§ WHAT IS NEEDED: Apart from the pictures, every line below needs to be reproduced verbatim.

§ COLLECTED MATERIAL:

[Start of section]

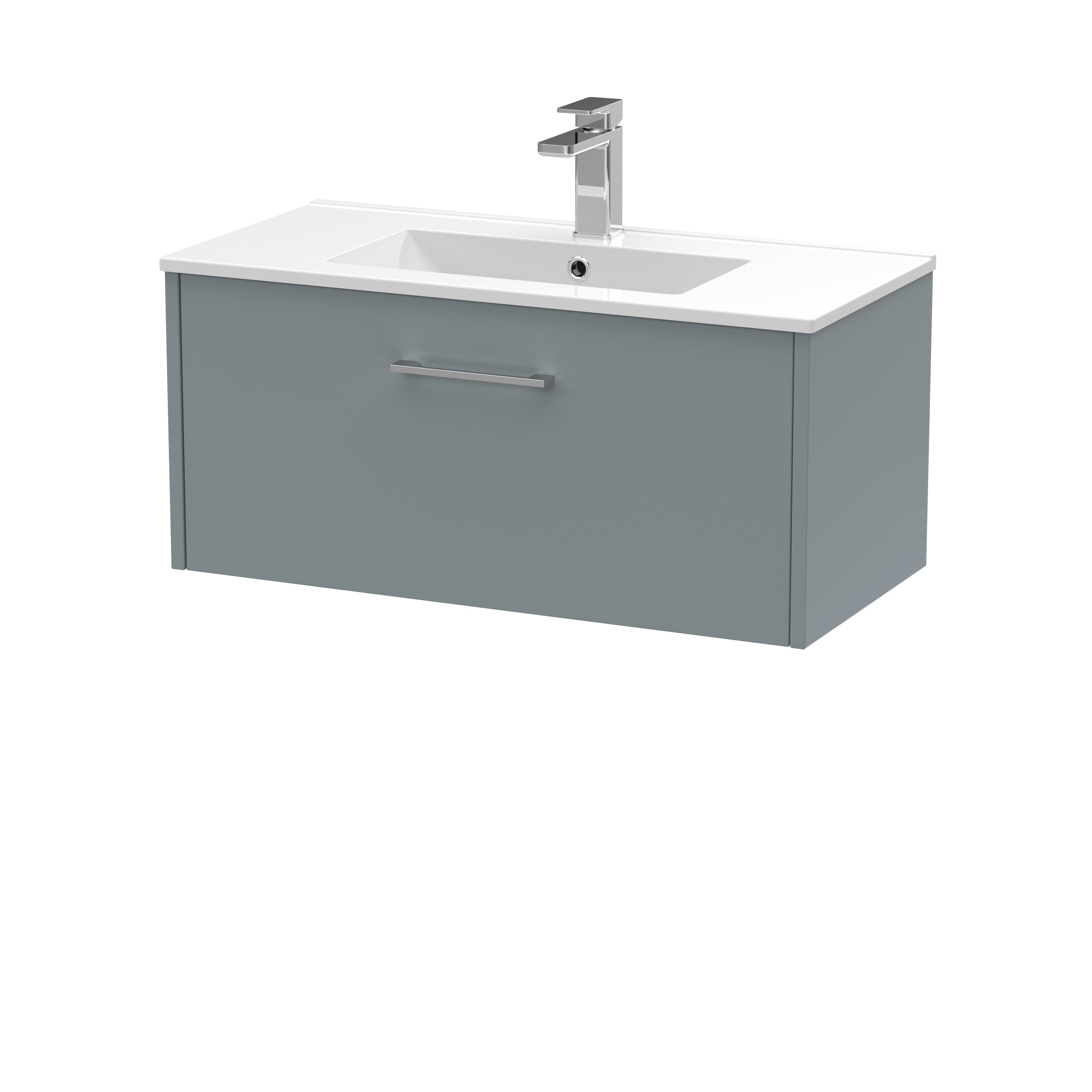 Modern grey bathroom vanity with integrated sink and chrome faucet, ideal for contemporary bathroom designs focused on style and functionality.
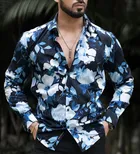 Lycra Full Sleeves Printed Shirt for Men (Multicolor, S)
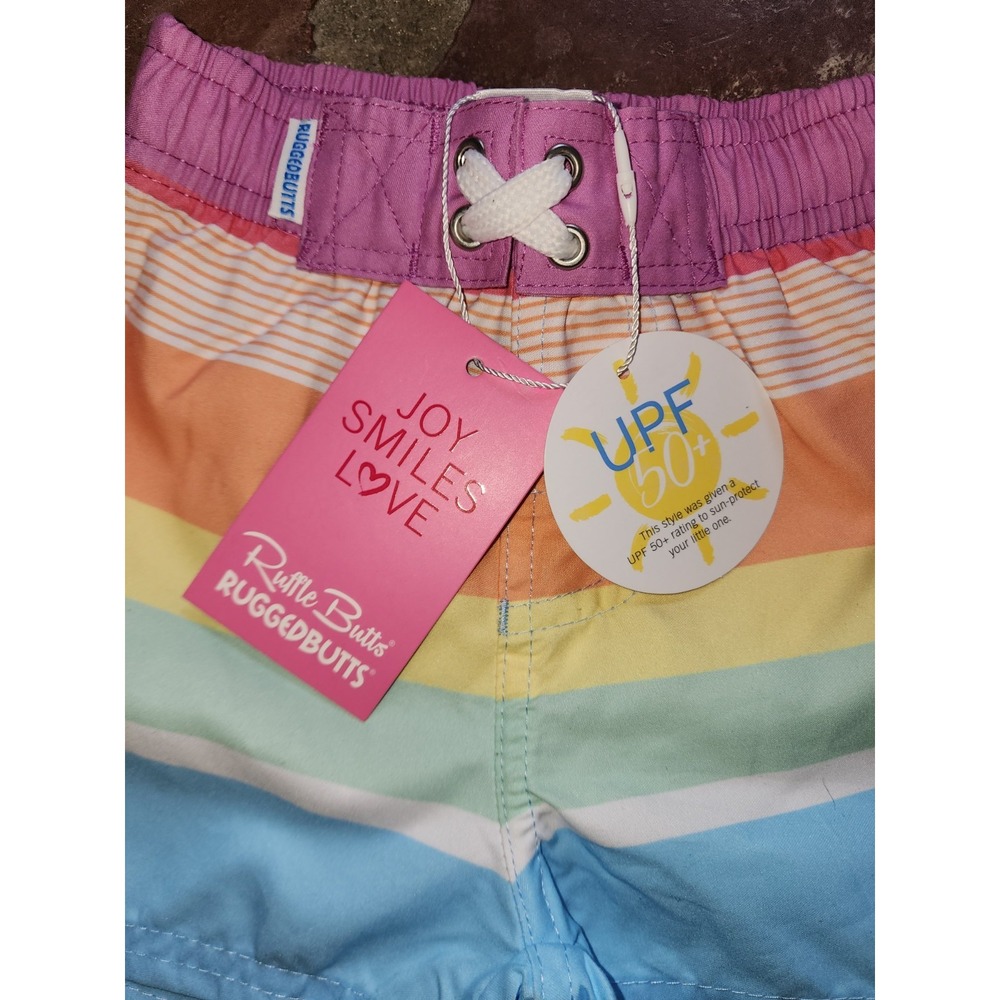 Ruggedbutts Rainbow Multi-Stripe Swim Trunks Swim Shorts Size 6-12 months - Picture 3 of 5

[End of section]

§ EXPECTED ANSWER:
 Modern grey bathroom vanity with integrated sink and chrome faucet, ideal for contemporary bathroom designs focused on style and functionality.
 Lycra Full Sleeves Printed Shirt for Men (Multicolor, S)
 Ruggedbutts Rainbow Multi-Stripe Swim Trunks Swim Shorts Size 6-12 months - Picture 3 of 5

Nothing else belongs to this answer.